• **WHAT YOU SHOULD DO**: Every line from the one with "列に並んで同じ着物と笠を身に" up to and including the one with "Try time: England" is to be output exactly as it appears below; pictures are not.

• **DATA TO EXAMINE**:
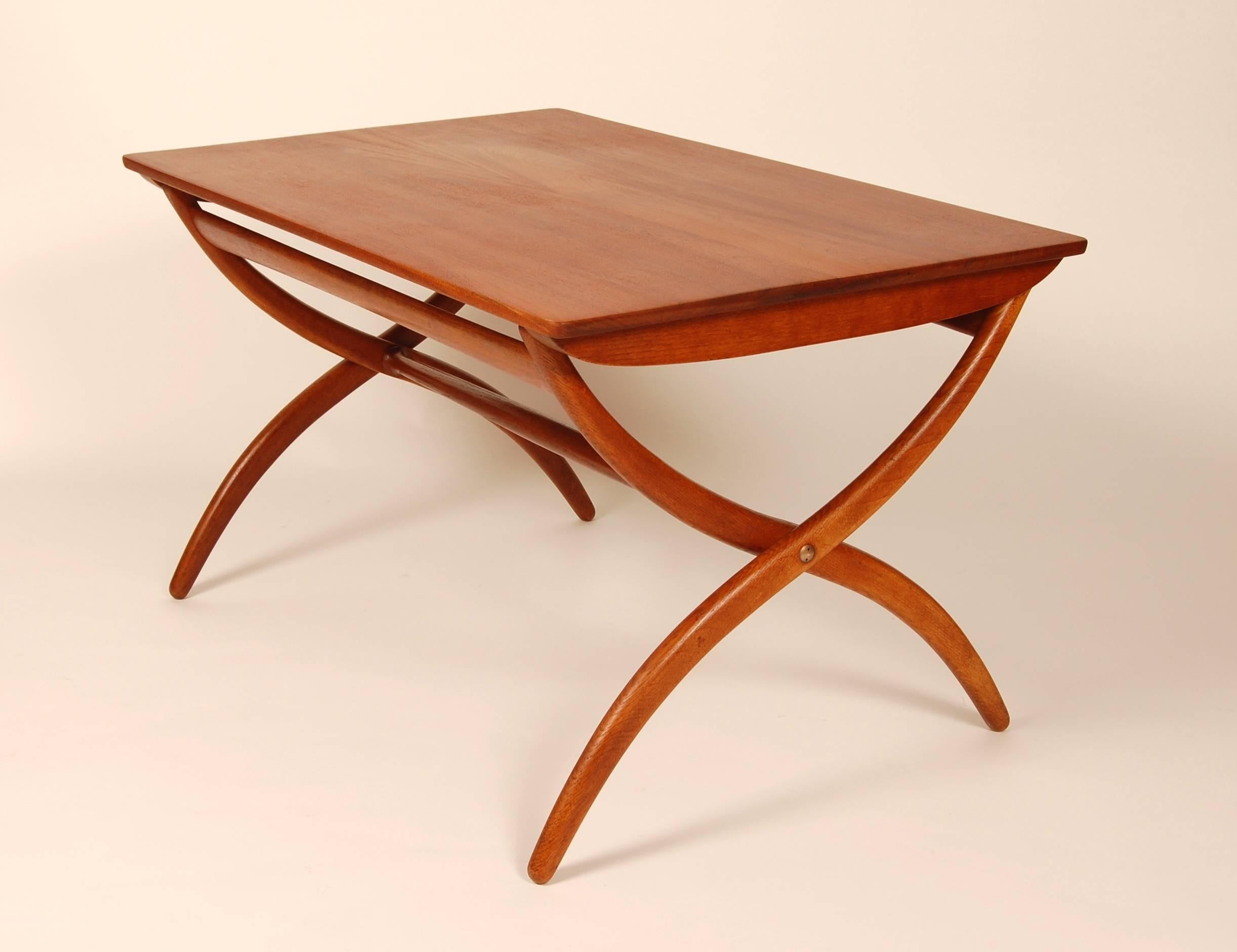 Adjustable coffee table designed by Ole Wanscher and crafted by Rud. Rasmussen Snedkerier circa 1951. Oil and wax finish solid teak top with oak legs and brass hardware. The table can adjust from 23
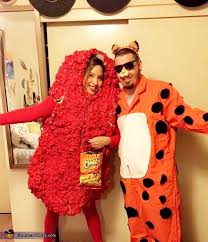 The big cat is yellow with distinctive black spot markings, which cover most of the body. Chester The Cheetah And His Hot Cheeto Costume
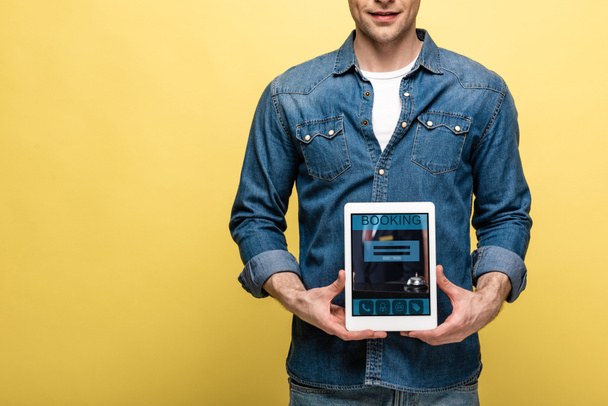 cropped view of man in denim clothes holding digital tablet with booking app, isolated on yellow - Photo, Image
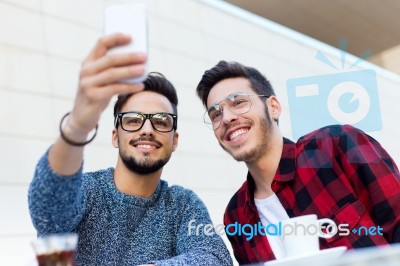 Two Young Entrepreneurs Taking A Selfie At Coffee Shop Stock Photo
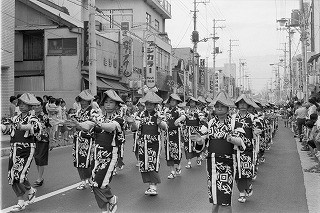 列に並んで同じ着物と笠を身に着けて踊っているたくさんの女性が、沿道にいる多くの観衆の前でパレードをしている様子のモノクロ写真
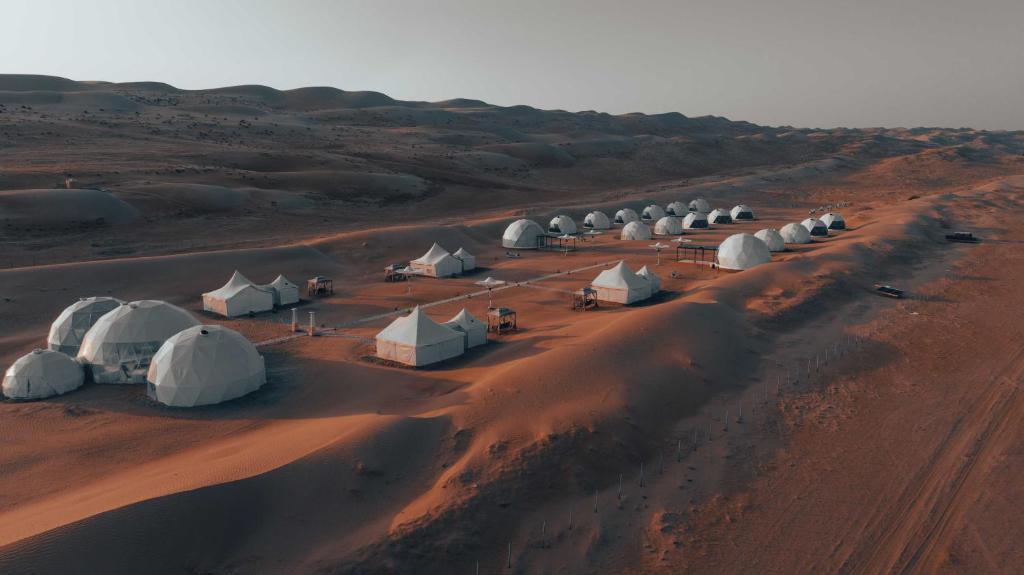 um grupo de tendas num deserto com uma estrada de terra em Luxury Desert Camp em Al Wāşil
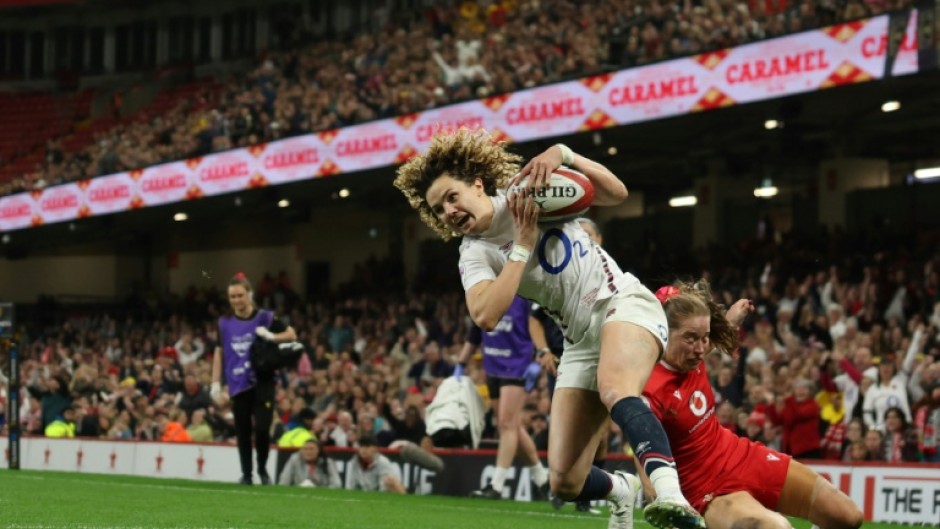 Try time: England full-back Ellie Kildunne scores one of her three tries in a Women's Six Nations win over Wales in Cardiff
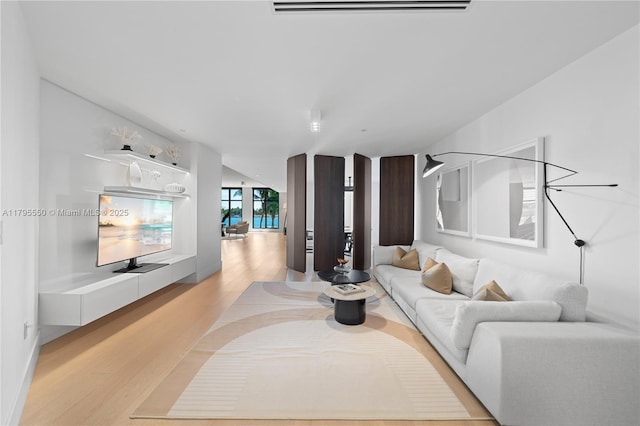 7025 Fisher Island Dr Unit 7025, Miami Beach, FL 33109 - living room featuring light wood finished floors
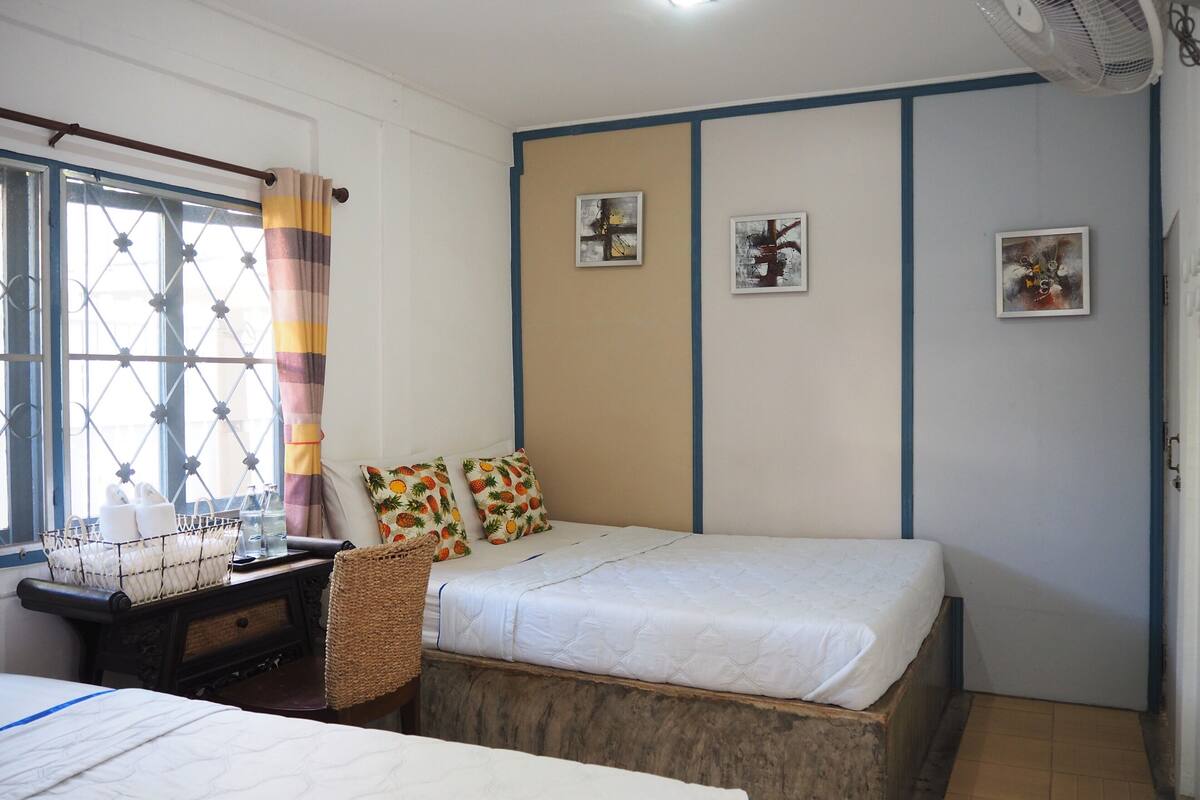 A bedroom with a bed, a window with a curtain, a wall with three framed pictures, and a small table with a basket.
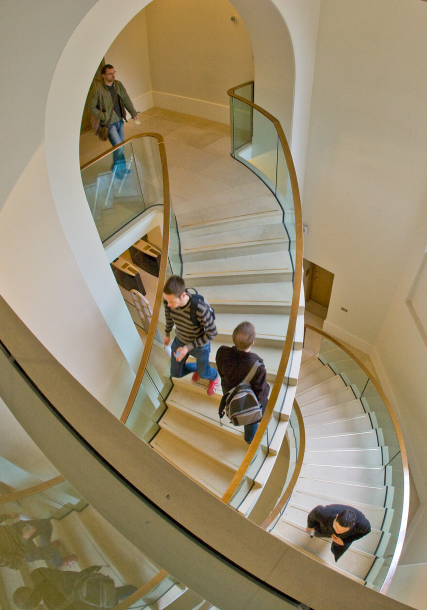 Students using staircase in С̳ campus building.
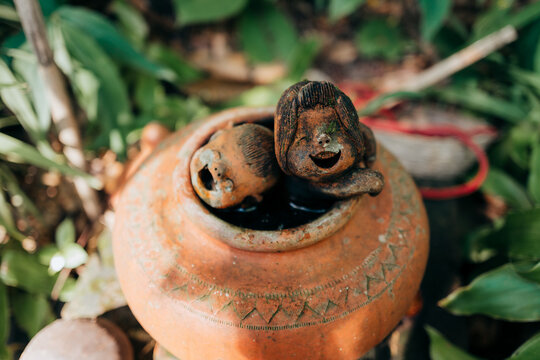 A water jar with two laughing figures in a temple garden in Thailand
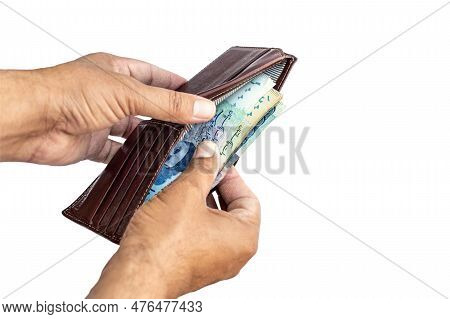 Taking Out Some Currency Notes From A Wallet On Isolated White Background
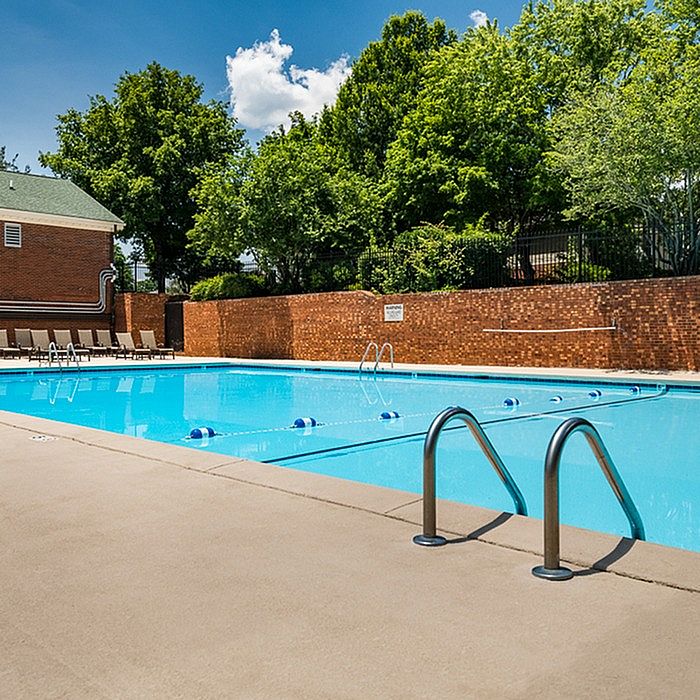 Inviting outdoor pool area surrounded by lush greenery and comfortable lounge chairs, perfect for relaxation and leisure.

• **TASK ANSWER**:
 列に並んで同じ着物と笠を身に着けて踊っているたくさんの女性が、沿道にいる多くの観衆の前でパレードをしている様子のモノクロ写真
 um grupo de tendas num deserto com uma estrada de terra em Luxury Desert Camp em Al Wāşil
 Try time: England full-back Ellie Kildunne scores one of her three tries in a Women's Six Nations win over Wales in Cardiff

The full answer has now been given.